## [Data section]
Start of Block
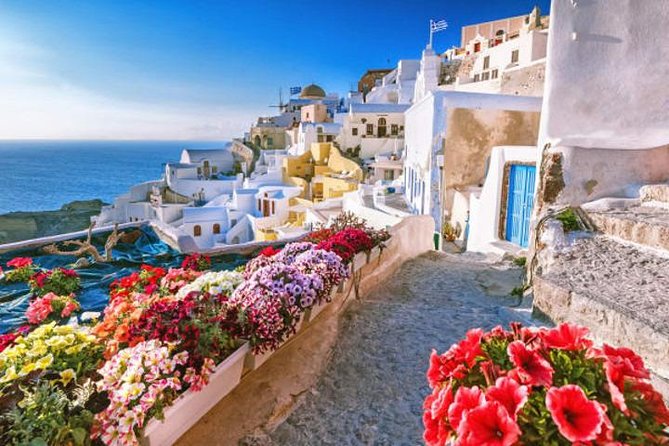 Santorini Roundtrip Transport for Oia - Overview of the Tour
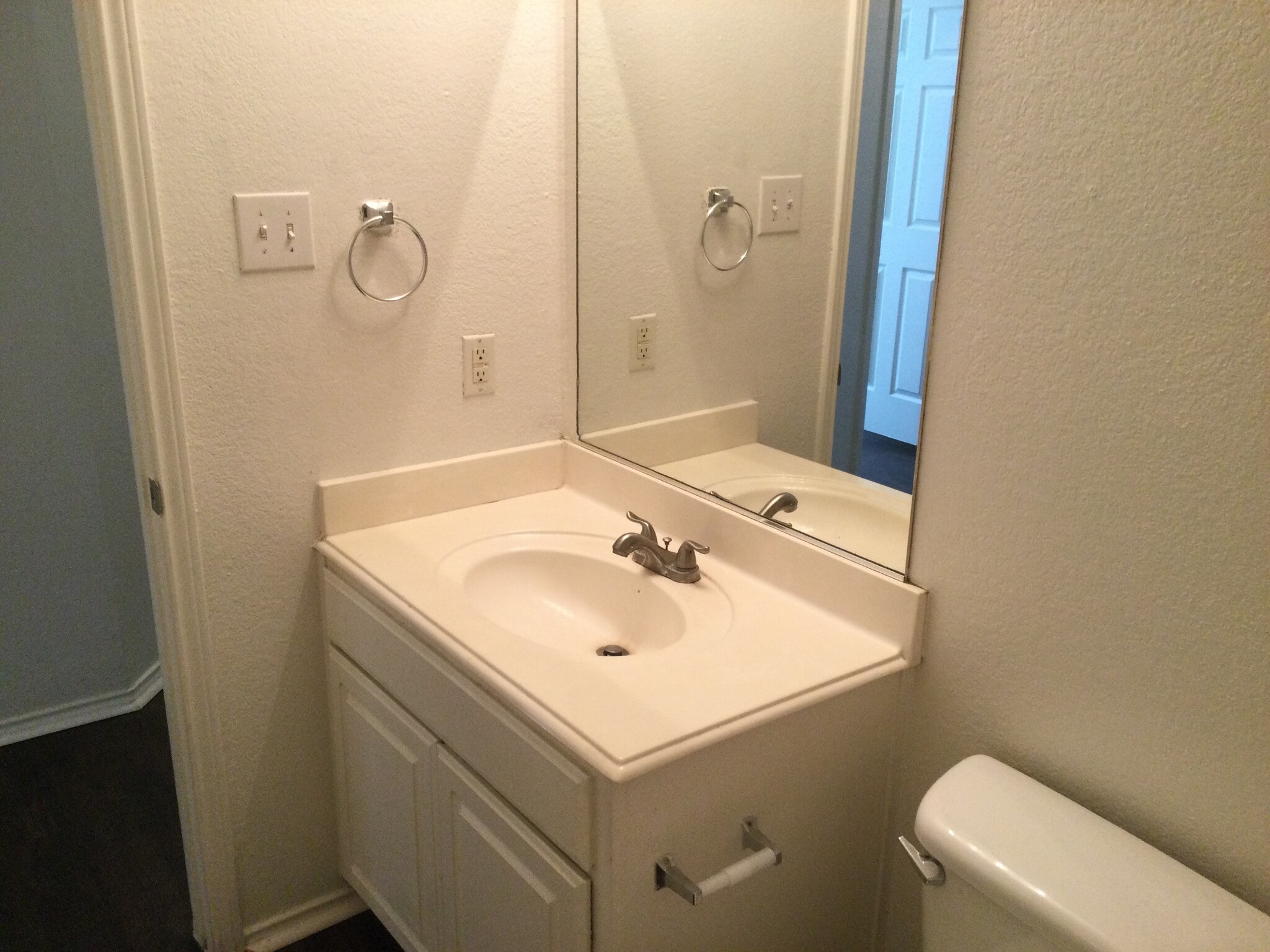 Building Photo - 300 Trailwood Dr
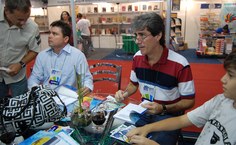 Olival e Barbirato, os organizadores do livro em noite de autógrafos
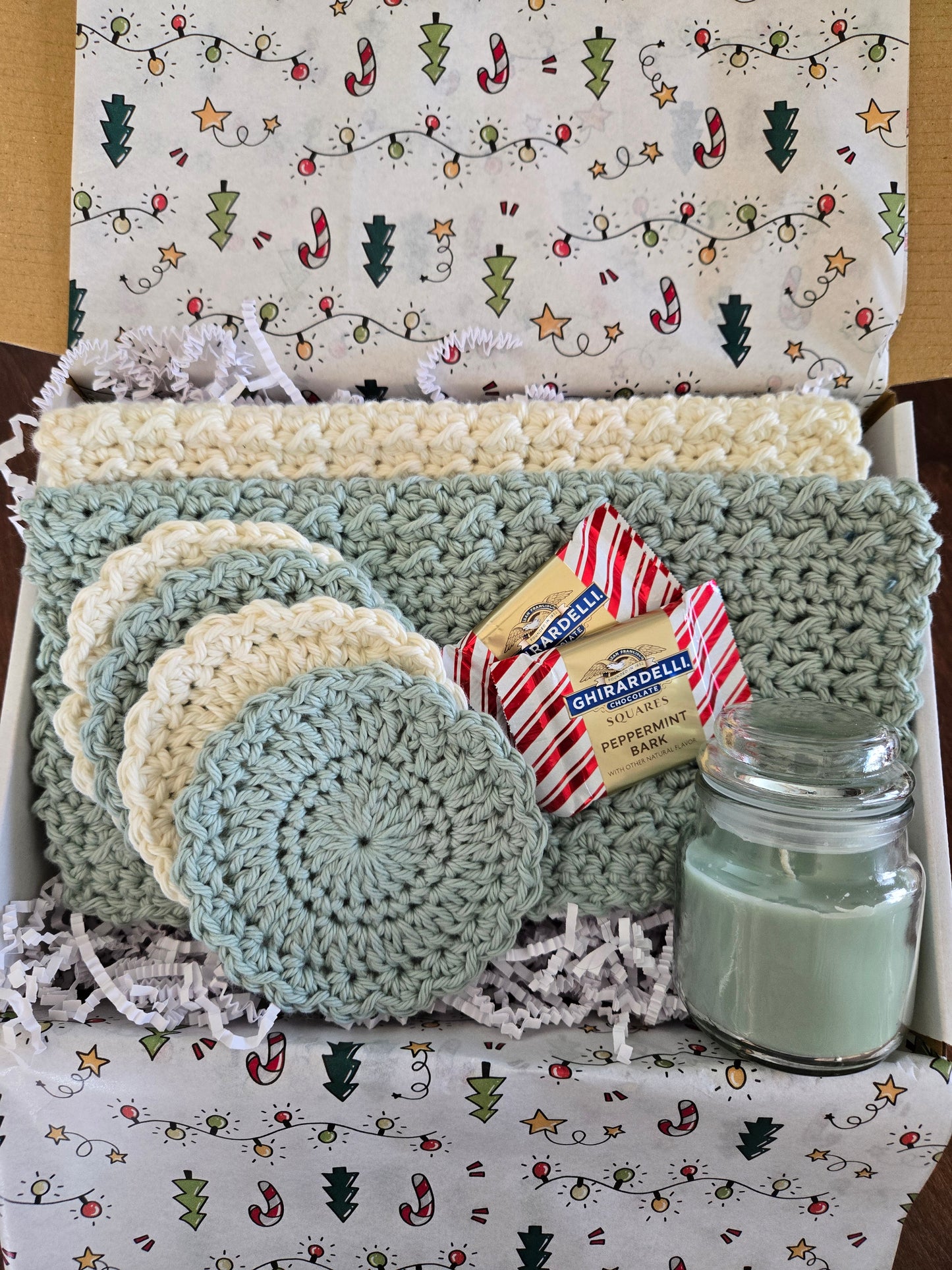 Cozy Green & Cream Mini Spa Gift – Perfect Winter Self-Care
End of Block
## [Requirement]
Output the data above exactly, excluding images.

## [Exercise solution]
 Santorini Roundtrip Transport for Oia - Overview of the Tour
 Building Photo - 300 Trailwood Dr
 Olival e Barbirato, os organizadores do livro em noite de autógrafos
 Cozy Green & Cream Mini Spa Gift – Perfect Winter Self-Care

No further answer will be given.